Фаниса Султан, оторвав задумчивый взгляд от затертого послания Дастана в своей руке, смущенно, но при этом и грустно посмотрела на свою служанку. Та вошла в покои с подносом в руках, принеся с кухни завтрак для госпожи, и чуть насмешливо улыбнулась ей.
– Что же мне делать, Лейсан? – невидяще наблюдая за тем, как та ставит поднос на столик перед ней, сидящей на тахте, воскликнула Фаниса Султан и опечаленно вздохнула. – Зачем он написал мне это? Разбередил мои чувства… Теперь я только и делаю, что думаю о нем! И понимаю, что все… безнадежно.
– Не говорите так, – Лейсан-хатун присела рядом с ней и взяла ее за свободную руку.
– Надежда есть всегда! Отец так любит вас. Быть может, узнав о ваших чувствах, он выдаст вас замуж за того, кого вы сами пожелаете.
– Вряд ли… – не заразившись ее энтузиазмом, покачала головой юная султанша, рассматривая признание Дастана в любви, покоящееся в ее руке. – Отец добр, но он не глупец. И понимает, что для того, чтобы укрепить свое положение, ему нужно выдать меня за влиятельного человека, на которого он в будущем, уже сев на трон, сможет опереться. Так сделал султан Баязид, выдав любимую дочь, мою тетю Эсму Султан, за своего соратника Давуда-пашу, которого та даже не знала. Никто ее не спрашивал, кого она любит и хочет ли этого брака. Выбор сделали за нее. Также поступят и со мной, Лейсан.
– Не прочьте себе такую судьбу, госпожа! – мягко возмутилась Лейсан-хатун, крепче сжав ее руку. – У меня сердце кровью обливается. Я верю, что у вас…

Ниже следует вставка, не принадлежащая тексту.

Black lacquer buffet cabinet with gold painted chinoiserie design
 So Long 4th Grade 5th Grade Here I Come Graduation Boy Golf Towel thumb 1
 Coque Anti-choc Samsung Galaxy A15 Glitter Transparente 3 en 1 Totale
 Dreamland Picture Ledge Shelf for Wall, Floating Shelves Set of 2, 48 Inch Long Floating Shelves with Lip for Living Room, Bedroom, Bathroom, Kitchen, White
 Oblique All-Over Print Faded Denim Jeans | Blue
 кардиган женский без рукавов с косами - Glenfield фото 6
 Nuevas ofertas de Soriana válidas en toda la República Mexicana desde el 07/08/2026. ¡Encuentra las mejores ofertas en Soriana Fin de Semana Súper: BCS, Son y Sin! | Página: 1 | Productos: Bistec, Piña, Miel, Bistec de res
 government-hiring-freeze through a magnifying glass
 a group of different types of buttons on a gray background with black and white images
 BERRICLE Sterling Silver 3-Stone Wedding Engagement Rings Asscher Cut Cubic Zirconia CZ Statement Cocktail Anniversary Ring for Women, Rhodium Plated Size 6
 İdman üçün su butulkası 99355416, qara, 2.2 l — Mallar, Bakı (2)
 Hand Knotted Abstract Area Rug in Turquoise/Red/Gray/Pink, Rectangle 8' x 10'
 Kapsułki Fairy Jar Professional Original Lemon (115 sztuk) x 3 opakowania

Она на успела договорить. В покои вошла Сафанур Султан – как всегда, утонченная и нежная в платье цвета чайной розы. Ее темные, почти что черные волосы были собраны, и несколько локонов мягко обрамляли ее красивое лицо. Увидев дочь, она ей улыбнулась, но насторожилась, заметив, как та поспешно передала какую-то записку своей служанке, которую прежде держала в руке.
– Что это? – спросила султанша, поглядев на девушек, которые выглядели взволнованными.
– Пробовала написать что-то вроде стихотворения, – пожала плечами Фаниса Султан и виновато улыбнулась, потому что не любила ложь. – Но получается еще плохо, поэтому я не хотела бы, чтобы вы прочли это, матушка.
– Помню, когда-то и твой отец пробовал себя в поэзии, – заметила Сафанур Султан, пройдя к тахте и опустившись на нее. Она доверяла дочери, потому не уличила лжи. – Но у него плохо выходило, и он оставил это занятие. Зато он прекрасно рассказывает разные истории. Ты и сама это знаешь. Так увлекательно слушать его, верно?